### [Exercise data]
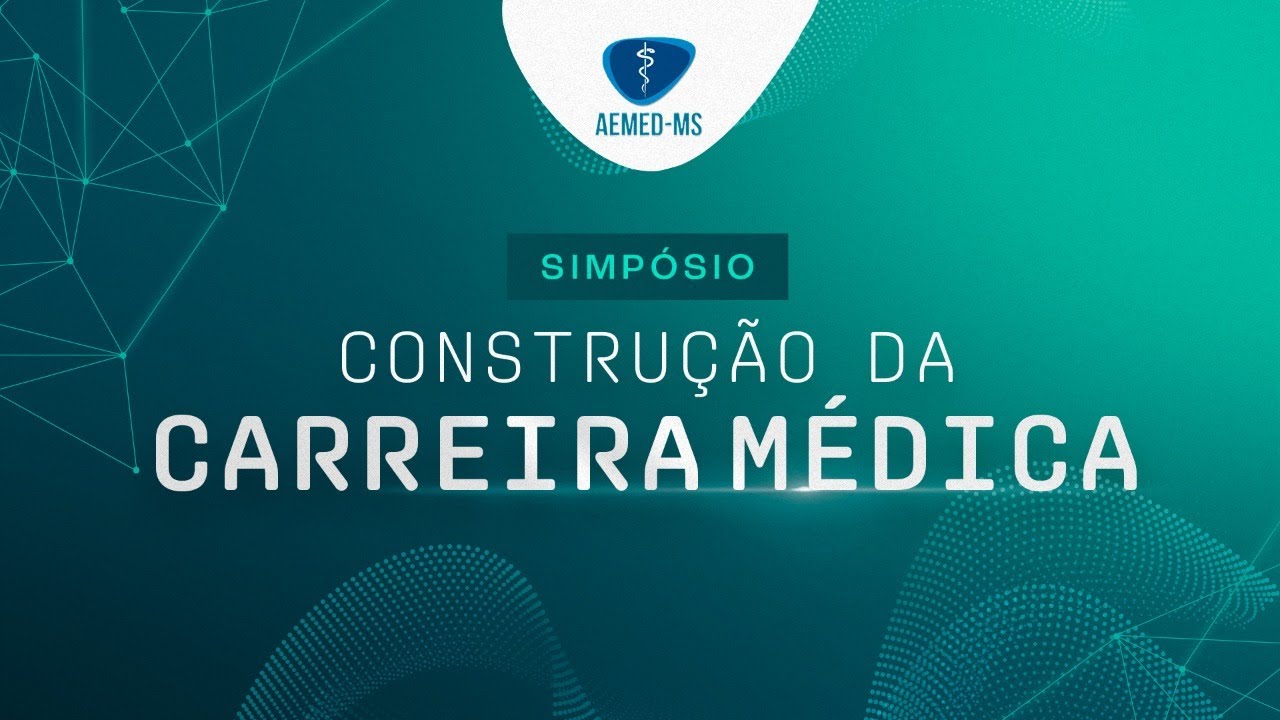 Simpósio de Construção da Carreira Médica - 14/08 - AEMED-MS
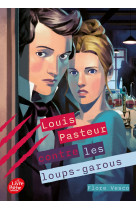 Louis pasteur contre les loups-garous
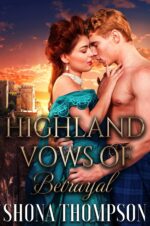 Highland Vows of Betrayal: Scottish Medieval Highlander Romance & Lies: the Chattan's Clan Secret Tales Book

### [What to produce]
The answer must be the full listing above, copied exactly, with no pictures in it.

### [Exercise answer]
 Simpósio de Construção da Carreira Médica - 14/08 - AEMED-MS
 Louis pasteur contre les loups-garous
 Highland Vows of Betrayal: Scottish Medieval Highlander Romance & Lies: the Chattan's Clan Secret Tales Book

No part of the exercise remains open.